Die Würfel sind gefallen. Heute um neun Uhr früh trat das SPÖ-Präsidium zu einer Sondersitzung im Wiener Rathaus zusammen. Es wird formalisiert, was sich im Laufe des Freitag nachmittags  herauskristallisiert hatte: Pamela Rendi-Wagner tritt die Nachfolge von Christian Kern als SPÖ-Chefin an. Gegen 10.30 Uhr tritt Kern mit seiner Nachfolgerin vor die Presse. 

Die Auserwählte sprach vor der Sitzung von einer "großen Ehre". Ob sie personelle Änderungen in der Partei plant ließ sie offen. Es seien turbulente Tage, die die Partei zuletzt erlebt habe. Umso wichtiger sei es gewesen, rasch und gemeinsam die Frage des Parteivorsitzes zu klären.

Weiteres will die künftige Chefin erst nach ihrer Bestätigung durch den Parteivorstand Dienstnachmittag sagen. Nach der endgültigen Absage von Hans Peter Doskozil, Peter Kaiser, Wolfgang Katzian und Doris Bures wird nun also die ehemalige Gesundheitsministerin als erste Frau an die Spitze der ehrwürdigen sozialdemokratischen Partei berufen. Rendi-Wagner ist gebürtige Wienerin, 47 Jahre alt, ausgebildete Tropenmedizinerin und erst seit eineinhalb Jahren SPÖ-Mitglied.

Im Laufe des Freitagnachmittags hatten sich kaskadeanartig alle Landesorganisationen hinter die Ex-Ministerin gestellt, den Anfang machten die Burgenländer, gefolgt von den Niederösterreichern, den Salzburgern bis hin zur mächtigen Wiener SPÖ. Den Schlusspunkt setzte die Fraktion Sozialistischer Gewerkschafter (FSG) im ÖGB.

Als erster SPÖ-Spitzenpolitiker deutete der Steirer Michael Schickhofer im Gespräch mit der Kleinen Zeitung an, dass die Entscheidung gefallen ist: "Sie ist eine hervorragende und höchst kompetente Kandidatin, sie hat daher meine volle Unterstützung. Sie ist ein klarer Gegenpol zu Kurz und Strache. Außerdem will sie an der eingeleiteten Öffnung der Sozialdemokratie festhalten."

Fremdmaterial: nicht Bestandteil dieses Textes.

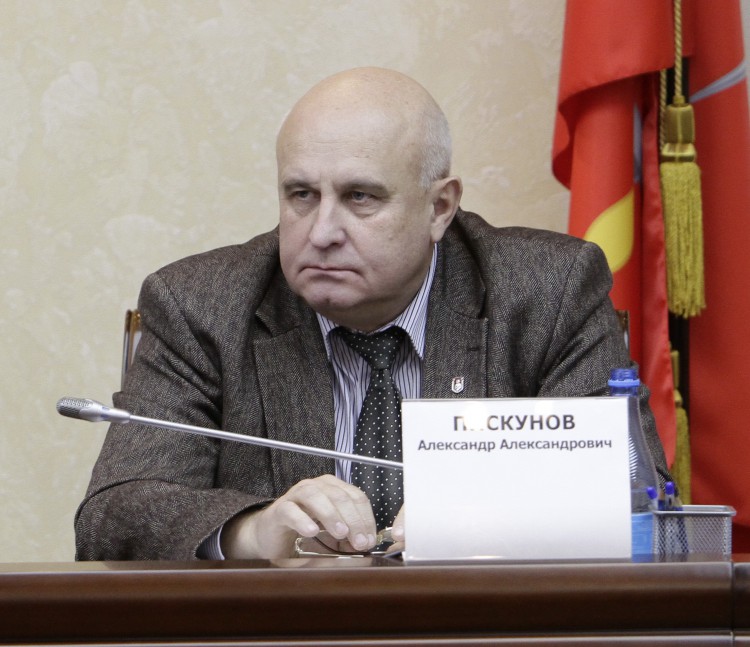 Владимир Груздев провел рабочую встречу с помощником полномочного представителя Президента РФ в ЦФО Александром Пискуновым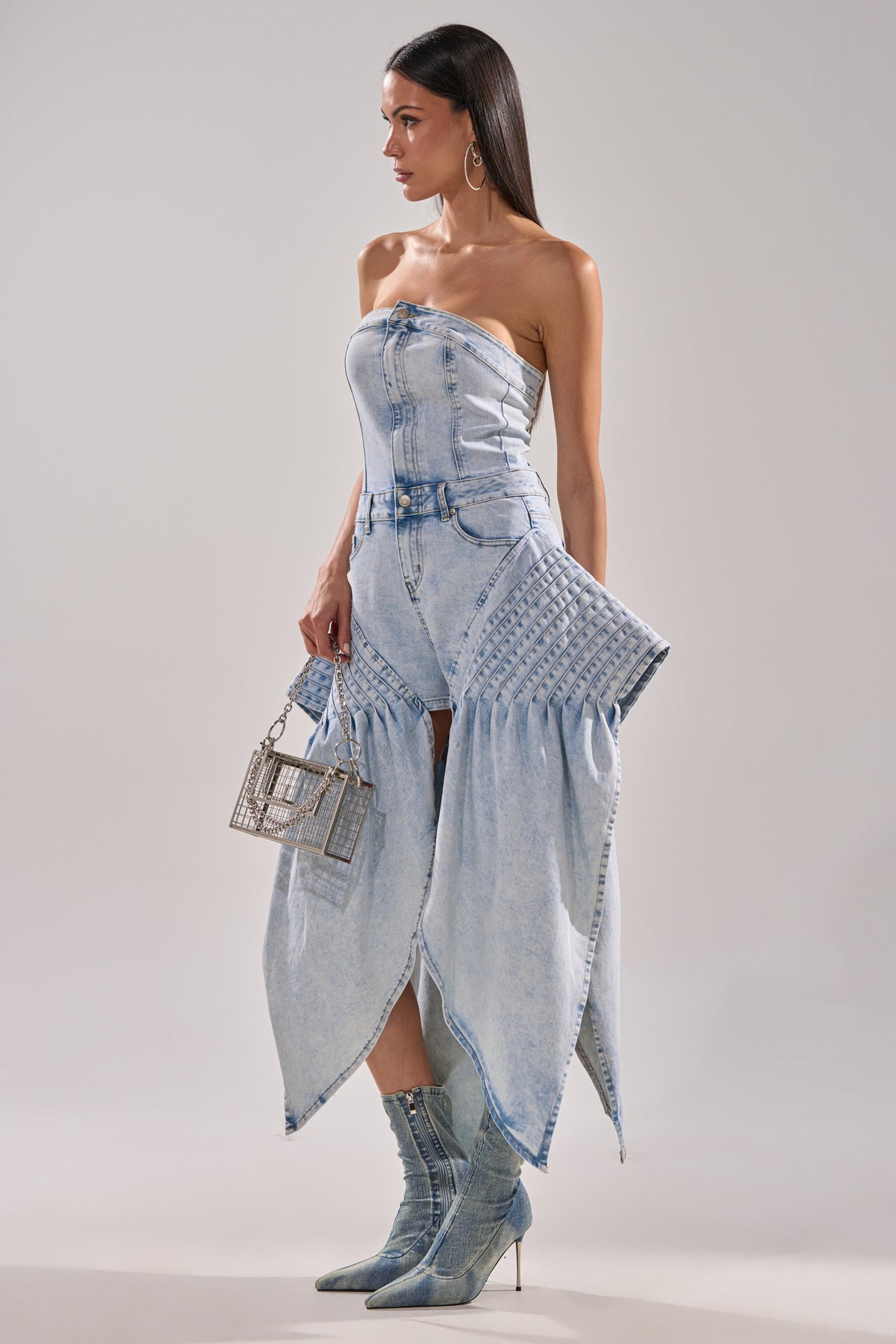 NO ONE LIKE ME DENIM ROMPER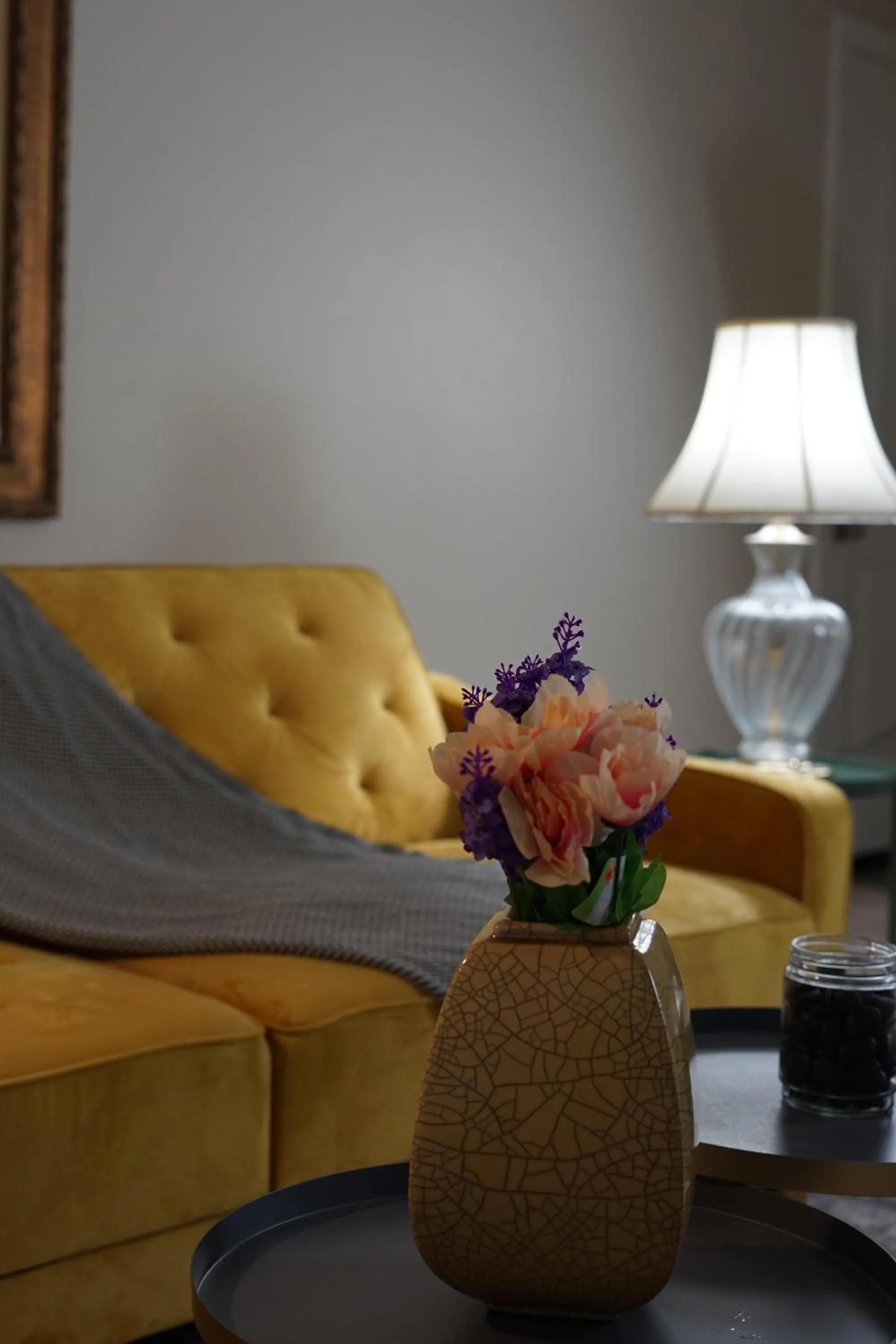 Living room in Sleepover 1BD 1BA Oklahoma City Apartments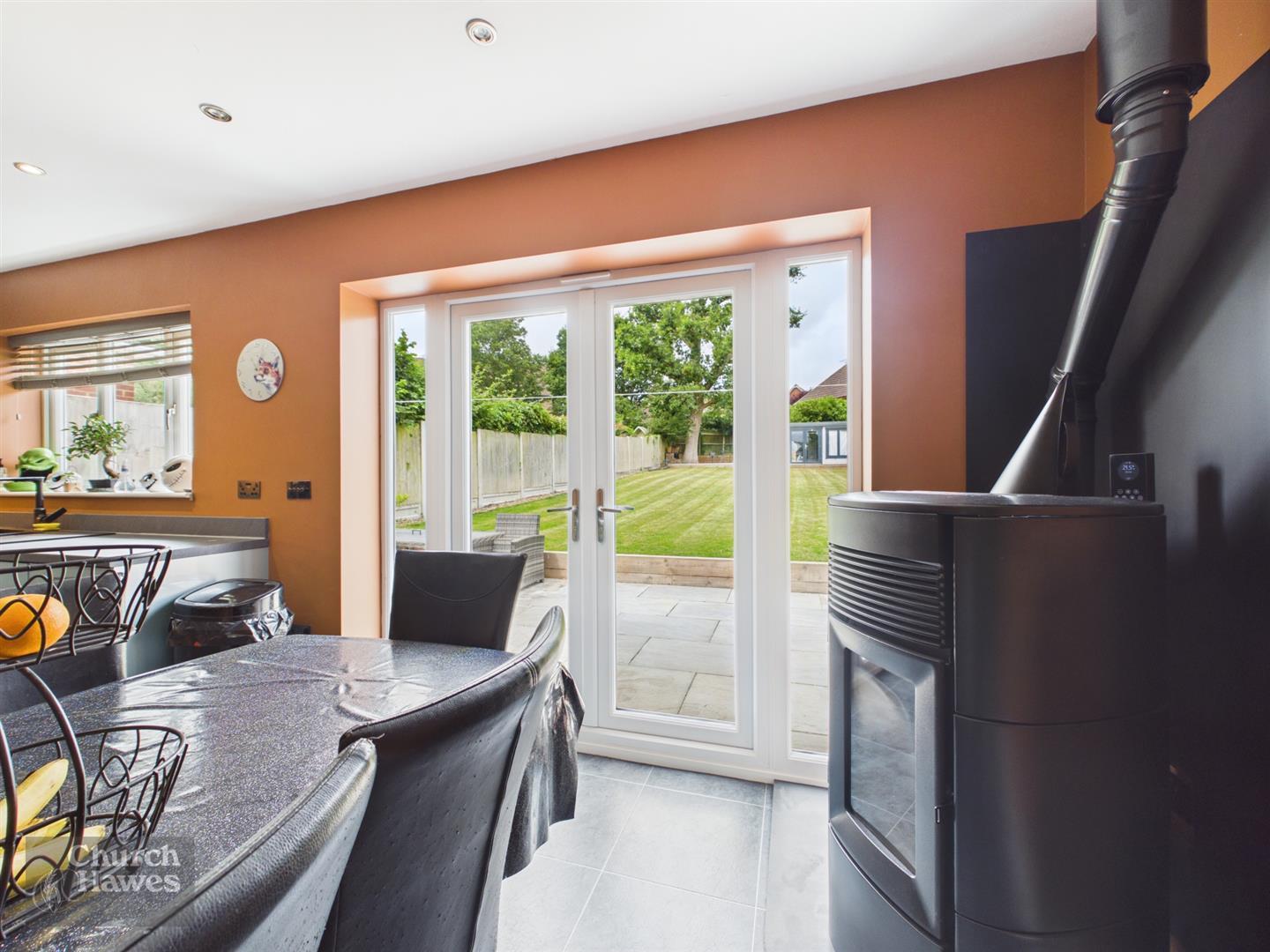 Property Image 2a07f9b8-eb31-4318-8c39-820a1732c571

Die Idee einer Doppelspitze wurde offenbar verworfen, Bundesgeschäftsführer dürfte Max Lercher bleiben.

Offenbar konnten die ursprünglichen Vorbehalte gegen die Ex-Ministerin ausgeräumt werden. Zahllose SPÖ-Granden äußerten sich nach dem überraschenden Abgang von Christian Kern zunächst äußerst skeptisch über eine etwaige Kür. Rendi-Wagner wurde erst nach dem Eintritt in die Regierung SPÖ-Mitglied, verfügt also nicht über die nötige institutionelle rote Erdung.

Ludwig auffallend zurückhaltend

Auffallend zurückhaltend äußerte sich Wiens Bürgermeister Michael Ludwig in der ZiB 2 über die Personalie. Ludwig verwies darauf, dass Rendi-Wagner ein Team um sich scharen werde. "Sie hat natürlich das Recht, Vorschläge zu machen, sie trägt aber auch die Verantwortung dafür." Eine leidenschaftliche vorbehaltlose Unterstützung sieht anders aus.

Eine Warnung kam denn auch von Arbeiterkammer-Präsidentin Renate Anderl. Sie appellierte an die Partei, sich nicht nur heute hinter die neue Vorsitzende zu stellen, sondern auch in Zukunft geschlossen hinter ihr zu stehen.

Der geschäftsführende Klubobmann Andreas Schieder bedauerte, dass durch die rasche Entscheidung die Diskussion über diese Personalie sehr kurz verlaufen sei. Spekuliert wird, dass sich Rendi-Wagner einen anderen geschäftsführenden Klubobmann suchen könnte. Dies ginge aber nur, wenn Schieder mitspielt, da er von seiner Fraktion demokratisch legitimiert wurde.